# Anyone uses R2 for bld?



## mariano.aquino (Jul 28, 2011)

I know M2, and i'm looking for ideas on dealing with corners, other than old pochmann or BH. Any info on R2 or similar?

Note: I already know both old.poch. and bh, but i'm still looking for other options


----------



## cubernya (Jul 28, 2011)

Most people would use M2/R2 or M2/Old pochmann (although some use M2/BH)


----------



## Mnts (Jul 28, 2011)

I know that some people use M2/3OP you should try it.


----------



## Cubenovice (Jul 28, 2011)

theZcuber said:


> Most people would use *M2/R2* or M2/Old pochmann (although some use M2/BH)



Really?
Apart from Mr.
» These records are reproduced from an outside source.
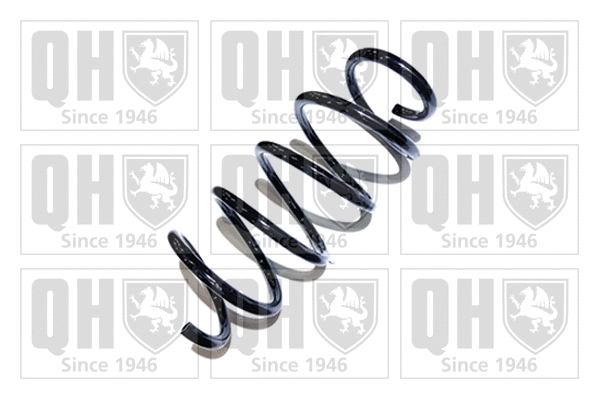Suspension Spring (QCS6439)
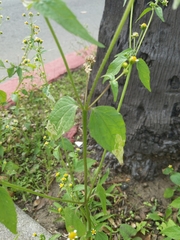 Galinsoga parviflora
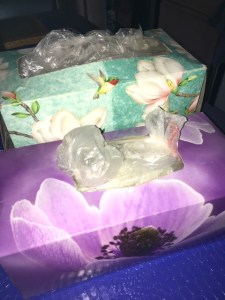 These are my magic boxes of plastic bags. They come with me into the store. (Photo by Laura Groch)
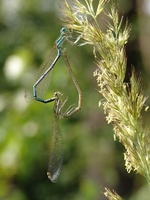 Platycnemis pennipes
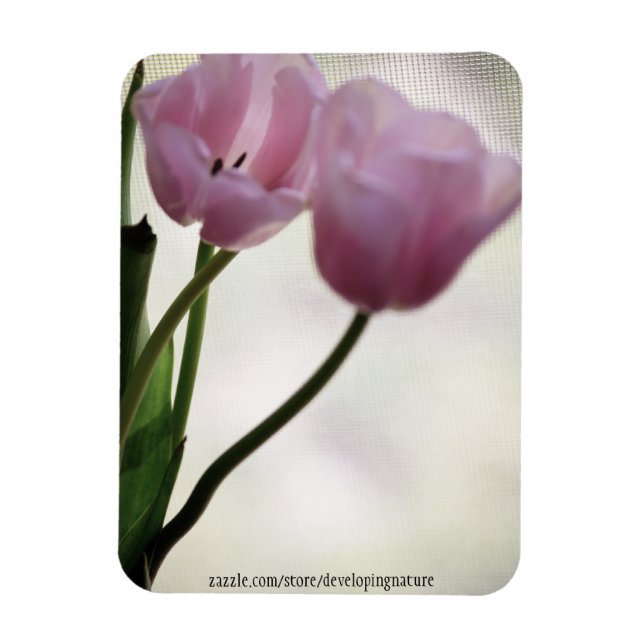 Ímã Tulipas 3265 (Vertical)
Pochmann himself, who uses R2? (Not asking about r2 on bigger cubes)


----------



## RyanReese09 (Jul 28, 2011)

Sesi Cadmus, for one.


----------



## Micael (Jul 28, 2011)

I use M2/R2. I think Ryosuke Mondo do.

Really, it works seamlessly with M2. Some alg need time to master, but some are very fast (like U' L' U R2 U' L U).


----------



## mariano.aquino (Aug 21, 2011)

Cool, and what algs do you use for R-layer cases?


----------